In [None]:
import pandas as pd

In [None]:
data = pd.read_csv("/kaggle/input/frankendata/final_fix_V2_merged_emotion_dataset.csv")
data.head

In [None]:
X, y = data['text'], data['label']

import tensorflow as tf
from tensorflow.keras.models import Sequential
from tensorflow.keras.layers import Embedding, Conv1D, BatchNormalization, GlobalMaxPooling1D, Dense, Dropout, LeakyReLU, ReLU
from tensorflow.keras.preprocessing.text import Tokenizer
from tensorflow.keras.preprocessing.sequence import pad_sequences
from tensorflow.keras.regularizers import l2
from sklearn.model_selection import train_test_split
from sklearn.preprocessing import LabelEncoder

encoder = LabelEncoder()
y_encoded = encoder.fit_transform(y)

tokenizer = Tokenizer(num_words=30000, oov_token="<OOV>")
tokenizer.fit_on_texts(X)
X_sequences = tokenizer.texts_to_sequences(X)
X_padded = pad_sequences(X_sequences, maxlen=100, padding='post')

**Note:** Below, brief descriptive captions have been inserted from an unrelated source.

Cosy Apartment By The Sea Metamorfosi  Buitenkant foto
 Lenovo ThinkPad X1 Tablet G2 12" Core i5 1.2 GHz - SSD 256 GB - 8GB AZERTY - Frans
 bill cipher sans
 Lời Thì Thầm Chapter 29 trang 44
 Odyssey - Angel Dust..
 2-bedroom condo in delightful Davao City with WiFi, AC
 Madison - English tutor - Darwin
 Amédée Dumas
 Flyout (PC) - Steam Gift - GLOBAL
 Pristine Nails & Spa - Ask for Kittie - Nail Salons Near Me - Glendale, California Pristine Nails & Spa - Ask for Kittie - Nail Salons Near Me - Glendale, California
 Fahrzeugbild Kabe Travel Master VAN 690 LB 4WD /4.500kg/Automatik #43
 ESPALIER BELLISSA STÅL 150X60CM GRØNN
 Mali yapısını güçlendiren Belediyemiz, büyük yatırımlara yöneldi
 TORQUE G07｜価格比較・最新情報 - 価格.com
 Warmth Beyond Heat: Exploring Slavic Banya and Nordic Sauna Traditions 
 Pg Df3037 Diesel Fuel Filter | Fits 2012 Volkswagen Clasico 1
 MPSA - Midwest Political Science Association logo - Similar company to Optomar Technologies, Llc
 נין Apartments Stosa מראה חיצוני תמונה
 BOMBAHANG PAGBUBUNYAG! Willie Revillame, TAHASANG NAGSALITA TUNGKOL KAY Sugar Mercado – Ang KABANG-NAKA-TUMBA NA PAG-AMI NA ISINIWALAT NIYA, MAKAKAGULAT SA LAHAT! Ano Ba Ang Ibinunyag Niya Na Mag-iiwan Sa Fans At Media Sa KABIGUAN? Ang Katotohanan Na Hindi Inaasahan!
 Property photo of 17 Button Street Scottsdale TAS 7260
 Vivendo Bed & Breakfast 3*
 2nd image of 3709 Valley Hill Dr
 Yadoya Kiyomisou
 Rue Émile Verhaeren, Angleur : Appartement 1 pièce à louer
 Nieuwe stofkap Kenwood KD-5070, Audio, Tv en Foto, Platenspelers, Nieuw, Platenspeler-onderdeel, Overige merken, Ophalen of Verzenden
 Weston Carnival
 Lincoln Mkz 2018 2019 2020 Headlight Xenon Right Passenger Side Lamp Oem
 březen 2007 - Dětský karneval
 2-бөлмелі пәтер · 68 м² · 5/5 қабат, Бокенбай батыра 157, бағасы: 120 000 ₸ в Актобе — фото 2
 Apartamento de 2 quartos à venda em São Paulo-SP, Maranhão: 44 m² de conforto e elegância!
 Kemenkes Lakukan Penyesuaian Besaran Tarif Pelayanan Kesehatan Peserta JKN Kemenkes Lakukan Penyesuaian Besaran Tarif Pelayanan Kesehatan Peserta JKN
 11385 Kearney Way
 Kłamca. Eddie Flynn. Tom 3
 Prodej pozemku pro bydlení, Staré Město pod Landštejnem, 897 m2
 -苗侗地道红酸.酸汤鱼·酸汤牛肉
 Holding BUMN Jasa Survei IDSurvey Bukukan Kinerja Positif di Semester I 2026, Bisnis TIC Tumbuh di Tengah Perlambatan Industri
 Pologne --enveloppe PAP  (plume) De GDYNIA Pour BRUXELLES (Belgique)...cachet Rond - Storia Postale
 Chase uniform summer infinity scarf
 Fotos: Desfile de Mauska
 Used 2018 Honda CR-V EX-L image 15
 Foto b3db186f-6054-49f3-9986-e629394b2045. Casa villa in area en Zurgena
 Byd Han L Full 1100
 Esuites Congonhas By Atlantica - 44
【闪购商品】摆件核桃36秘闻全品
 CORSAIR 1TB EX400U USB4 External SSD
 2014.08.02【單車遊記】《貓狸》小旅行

X_train, X_test, y_train, y_test = train_test_split(
    X_padded, y_encoded, test_size=0.2, random_state=42
)

model = Sequential([
    Embedding(input_dim=30000, output_dim=256, trainable=True),
    Conv1D(256, 3, padding='same', kernel_regularizer=l2(0.0005)),
    BatchNormalization(),
    ReLU(),
    Conv1D(128, 5, padding='same', kernel_regularizer=l2(0.0005)),
    BatchNormalization(),
    LeakyReLU(alpha=0.1),
    GlobalMaxPooling1D(),
    Dense(128, activation='relu'),
    Dropout(0.5),
    Dense(len(encoder.classes_), activation='softmax')
])

model.compile(
    optimizer=tf.keras.optimizers.Adam(learning_rate=0.000005),
    loss='sparse_categorical_crossentropy',
    metrics=['accuracy']
)

callbacks = [
    tf.keras.callbacks.EarlyStopping(monitor='accuracy', patience=2, restore_best_weights=True, mode='max'),
    tf.keras.callbacks.ReduceLROnPlateau(monitor='loss', factor=0.5, patience=1, min_lr=1e-6)
]

history = model.fit(
    X_train, y_train,
    epochs=50,
    batch_size=32,
    callbacks=callbacks
)

In [None]:
import pandas as pd
import numpy as np

# Load and inspect the data
data = pd.read_csv("/kaggle/input/frankendata/final_fix_V2_merged_emotion_dataset.csv")
print(data.head())

# Extract features and labels
X, y = data['text'], data['label']

import tensorflow as tf
from tensorflow.keras.models import Sequential
from tensorflow.keras.layers import Embedding, LSTM, Dense, Dropout, Bidirectional, LeakyReLU
from tensorflow.keras.preprocessing.text import Tokenizer
from tensorflow.keras.preprocessing.sequence import pad_sequences
from sklearn.model_selection import train_test_split
from sklearn.preprocessing import LabelEncoder
import pickle

# Encode labels
encoder = LabelEncoder()
y_encoded = encoder.fit_transform(y)

# Tokenize and pad the text data
tokenizer = Tokenizer(num_words=30000, oov_token="<OOV>")
tokenizer.fit_on_texts(X)
X_sequences = tokenizer.texts_to_sequences(X)
X_padded = pad_sequences(X_sequences, maxlen=100, padding='post')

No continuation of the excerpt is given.